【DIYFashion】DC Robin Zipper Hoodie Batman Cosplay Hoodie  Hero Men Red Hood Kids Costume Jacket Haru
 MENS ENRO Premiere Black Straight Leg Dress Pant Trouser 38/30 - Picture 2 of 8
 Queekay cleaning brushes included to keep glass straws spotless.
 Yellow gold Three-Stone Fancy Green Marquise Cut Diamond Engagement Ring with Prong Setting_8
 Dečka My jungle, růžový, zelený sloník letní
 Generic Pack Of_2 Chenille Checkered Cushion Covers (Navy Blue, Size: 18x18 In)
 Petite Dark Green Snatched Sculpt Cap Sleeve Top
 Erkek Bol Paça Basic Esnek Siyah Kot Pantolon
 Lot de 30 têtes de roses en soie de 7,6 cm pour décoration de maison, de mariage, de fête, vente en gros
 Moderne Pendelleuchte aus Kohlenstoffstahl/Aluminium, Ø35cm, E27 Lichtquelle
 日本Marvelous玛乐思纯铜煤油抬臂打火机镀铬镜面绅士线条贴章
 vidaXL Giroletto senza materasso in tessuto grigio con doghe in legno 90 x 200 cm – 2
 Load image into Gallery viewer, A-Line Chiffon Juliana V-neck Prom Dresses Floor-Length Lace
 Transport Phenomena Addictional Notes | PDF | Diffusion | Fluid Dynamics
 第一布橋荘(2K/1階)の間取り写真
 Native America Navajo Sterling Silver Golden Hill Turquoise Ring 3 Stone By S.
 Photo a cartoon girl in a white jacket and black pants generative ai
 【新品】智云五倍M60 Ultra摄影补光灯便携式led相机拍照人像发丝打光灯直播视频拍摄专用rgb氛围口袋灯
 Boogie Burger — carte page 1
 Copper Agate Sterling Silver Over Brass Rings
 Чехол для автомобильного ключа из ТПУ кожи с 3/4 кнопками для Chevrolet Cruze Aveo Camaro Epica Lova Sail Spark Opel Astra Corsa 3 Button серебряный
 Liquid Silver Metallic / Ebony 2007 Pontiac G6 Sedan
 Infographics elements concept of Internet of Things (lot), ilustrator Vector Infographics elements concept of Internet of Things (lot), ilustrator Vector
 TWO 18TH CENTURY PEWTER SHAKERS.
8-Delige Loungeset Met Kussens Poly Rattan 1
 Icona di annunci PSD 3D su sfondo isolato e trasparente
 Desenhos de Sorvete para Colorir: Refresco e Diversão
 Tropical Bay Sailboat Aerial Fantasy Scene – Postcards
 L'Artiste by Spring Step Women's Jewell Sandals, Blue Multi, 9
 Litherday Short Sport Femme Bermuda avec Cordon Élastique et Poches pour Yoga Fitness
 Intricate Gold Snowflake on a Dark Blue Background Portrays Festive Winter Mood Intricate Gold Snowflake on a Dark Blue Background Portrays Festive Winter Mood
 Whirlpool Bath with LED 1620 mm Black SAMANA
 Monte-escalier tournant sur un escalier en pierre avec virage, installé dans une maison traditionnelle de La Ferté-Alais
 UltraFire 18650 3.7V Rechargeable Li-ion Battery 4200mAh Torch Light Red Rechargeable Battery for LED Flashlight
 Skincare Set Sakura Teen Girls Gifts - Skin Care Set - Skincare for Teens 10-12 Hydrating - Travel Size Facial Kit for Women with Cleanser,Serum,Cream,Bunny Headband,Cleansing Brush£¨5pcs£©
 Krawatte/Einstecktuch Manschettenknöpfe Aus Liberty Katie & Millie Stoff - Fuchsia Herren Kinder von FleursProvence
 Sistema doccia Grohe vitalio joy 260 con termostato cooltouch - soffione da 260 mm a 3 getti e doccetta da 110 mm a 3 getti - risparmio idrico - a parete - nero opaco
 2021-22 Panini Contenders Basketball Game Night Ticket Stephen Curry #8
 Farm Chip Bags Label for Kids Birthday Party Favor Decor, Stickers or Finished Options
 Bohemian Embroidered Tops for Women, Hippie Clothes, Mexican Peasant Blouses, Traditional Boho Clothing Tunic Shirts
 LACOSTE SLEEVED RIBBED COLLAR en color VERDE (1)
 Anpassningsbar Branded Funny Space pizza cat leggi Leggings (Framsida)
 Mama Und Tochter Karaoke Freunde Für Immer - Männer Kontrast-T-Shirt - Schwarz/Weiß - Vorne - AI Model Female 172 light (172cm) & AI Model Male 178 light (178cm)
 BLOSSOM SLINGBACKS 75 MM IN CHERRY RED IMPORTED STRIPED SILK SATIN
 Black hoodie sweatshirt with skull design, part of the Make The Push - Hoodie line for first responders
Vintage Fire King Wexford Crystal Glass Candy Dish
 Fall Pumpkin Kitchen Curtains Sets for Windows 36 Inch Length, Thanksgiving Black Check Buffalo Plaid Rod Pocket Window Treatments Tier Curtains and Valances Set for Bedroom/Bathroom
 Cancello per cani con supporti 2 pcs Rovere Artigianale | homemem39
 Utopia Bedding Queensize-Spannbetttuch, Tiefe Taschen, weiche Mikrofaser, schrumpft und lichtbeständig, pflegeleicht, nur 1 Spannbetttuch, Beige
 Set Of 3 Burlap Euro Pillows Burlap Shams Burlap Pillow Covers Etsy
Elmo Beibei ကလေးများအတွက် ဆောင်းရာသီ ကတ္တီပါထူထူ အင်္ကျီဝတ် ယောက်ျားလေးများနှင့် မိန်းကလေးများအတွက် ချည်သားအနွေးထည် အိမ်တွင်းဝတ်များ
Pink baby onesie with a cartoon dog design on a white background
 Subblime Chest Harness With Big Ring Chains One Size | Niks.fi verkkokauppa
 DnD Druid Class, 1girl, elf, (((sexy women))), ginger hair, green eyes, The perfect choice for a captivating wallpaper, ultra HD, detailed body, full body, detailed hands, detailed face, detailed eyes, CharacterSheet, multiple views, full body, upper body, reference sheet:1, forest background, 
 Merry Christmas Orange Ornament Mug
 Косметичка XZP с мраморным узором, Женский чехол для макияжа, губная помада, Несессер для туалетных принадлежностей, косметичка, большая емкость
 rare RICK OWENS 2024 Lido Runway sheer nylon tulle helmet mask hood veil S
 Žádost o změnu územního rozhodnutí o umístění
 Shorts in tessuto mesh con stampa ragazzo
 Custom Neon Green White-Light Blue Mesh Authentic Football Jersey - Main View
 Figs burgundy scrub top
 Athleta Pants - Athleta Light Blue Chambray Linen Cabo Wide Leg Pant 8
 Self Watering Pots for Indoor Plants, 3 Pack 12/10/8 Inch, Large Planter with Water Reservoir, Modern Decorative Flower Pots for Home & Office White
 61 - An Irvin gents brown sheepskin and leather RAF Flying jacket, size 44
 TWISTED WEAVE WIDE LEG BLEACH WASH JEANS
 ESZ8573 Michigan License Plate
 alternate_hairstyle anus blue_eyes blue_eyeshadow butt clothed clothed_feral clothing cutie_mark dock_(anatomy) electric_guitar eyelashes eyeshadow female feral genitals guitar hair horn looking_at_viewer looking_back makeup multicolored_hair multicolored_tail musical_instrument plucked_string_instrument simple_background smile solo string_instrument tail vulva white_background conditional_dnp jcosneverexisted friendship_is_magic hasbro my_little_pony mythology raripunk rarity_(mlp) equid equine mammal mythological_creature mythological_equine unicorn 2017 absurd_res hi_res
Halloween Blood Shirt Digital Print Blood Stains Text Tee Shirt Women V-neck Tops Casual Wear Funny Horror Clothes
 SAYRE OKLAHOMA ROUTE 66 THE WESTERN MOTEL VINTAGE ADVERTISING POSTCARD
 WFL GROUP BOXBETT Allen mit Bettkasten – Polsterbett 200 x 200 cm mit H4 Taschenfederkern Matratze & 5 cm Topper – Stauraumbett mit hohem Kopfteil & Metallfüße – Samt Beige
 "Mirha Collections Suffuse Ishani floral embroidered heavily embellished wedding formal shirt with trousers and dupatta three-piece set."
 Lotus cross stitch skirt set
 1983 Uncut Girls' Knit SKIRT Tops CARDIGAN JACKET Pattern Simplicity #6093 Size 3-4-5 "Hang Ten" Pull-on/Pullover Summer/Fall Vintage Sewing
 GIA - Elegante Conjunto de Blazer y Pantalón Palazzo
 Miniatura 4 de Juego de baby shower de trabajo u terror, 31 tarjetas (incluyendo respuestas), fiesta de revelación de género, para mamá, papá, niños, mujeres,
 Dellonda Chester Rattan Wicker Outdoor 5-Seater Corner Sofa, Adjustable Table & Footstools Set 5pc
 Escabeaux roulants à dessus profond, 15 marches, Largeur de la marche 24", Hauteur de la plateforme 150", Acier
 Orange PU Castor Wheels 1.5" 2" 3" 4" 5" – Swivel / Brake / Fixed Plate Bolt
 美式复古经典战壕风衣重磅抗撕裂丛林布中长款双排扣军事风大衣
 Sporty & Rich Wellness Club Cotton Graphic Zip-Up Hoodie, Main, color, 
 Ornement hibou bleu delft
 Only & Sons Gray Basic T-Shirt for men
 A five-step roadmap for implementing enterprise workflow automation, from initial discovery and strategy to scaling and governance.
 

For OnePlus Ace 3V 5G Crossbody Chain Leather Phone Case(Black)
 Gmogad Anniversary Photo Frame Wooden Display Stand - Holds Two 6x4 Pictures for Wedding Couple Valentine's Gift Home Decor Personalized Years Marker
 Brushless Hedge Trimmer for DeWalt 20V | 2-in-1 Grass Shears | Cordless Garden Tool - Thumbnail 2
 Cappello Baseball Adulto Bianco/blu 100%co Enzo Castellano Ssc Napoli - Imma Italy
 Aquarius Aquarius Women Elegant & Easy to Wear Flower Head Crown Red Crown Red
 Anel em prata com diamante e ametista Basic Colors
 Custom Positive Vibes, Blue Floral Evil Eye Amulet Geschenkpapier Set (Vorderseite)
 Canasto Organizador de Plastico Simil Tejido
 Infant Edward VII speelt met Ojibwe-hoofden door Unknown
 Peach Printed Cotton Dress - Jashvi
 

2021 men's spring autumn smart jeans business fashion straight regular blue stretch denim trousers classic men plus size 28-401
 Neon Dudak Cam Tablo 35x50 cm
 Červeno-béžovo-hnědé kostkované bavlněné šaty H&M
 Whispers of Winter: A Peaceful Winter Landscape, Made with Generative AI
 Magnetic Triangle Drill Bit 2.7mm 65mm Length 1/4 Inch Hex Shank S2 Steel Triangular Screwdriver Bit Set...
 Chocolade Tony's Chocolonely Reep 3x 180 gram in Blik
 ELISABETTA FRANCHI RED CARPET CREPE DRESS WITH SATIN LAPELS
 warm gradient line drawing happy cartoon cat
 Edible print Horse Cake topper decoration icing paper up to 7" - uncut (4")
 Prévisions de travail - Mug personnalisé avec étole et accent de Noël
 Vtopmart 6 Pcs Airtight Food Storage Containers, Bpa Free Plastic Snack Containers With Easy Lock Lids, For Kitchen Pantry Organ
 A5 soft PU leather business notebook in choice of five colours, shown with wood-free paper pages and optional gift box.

WHAT YOU WILL DO —
Only the lines above starting at the line that holds "Copper Agate Sterling" and ending at the line that holds "TWO 18TH CENTURY PEWTER SHAKERS." are to be repeated, exactly and in full.

YOUR SOLUTION —
 Copper Agate Sterling Silver Over Brass Rings
 Чехол для автомобильного ключа из ТПУ кожи с 3/4 кнопками для Chevrolet Cruze Aveo Camaro Epica Lova Sail Spark Opel Astra Corsa 3 Button серебряный
 Liquid Silver Metallic / Ebony 2007 Pontiac G6 Sedan
 Infographics elements concept of Internet of Things (lot), ilustrator Vector Infographics elements concept of Internet of Things (lot), ilustrator Vector
 TWO 18TH CENTURY PEWTER SHAKERS.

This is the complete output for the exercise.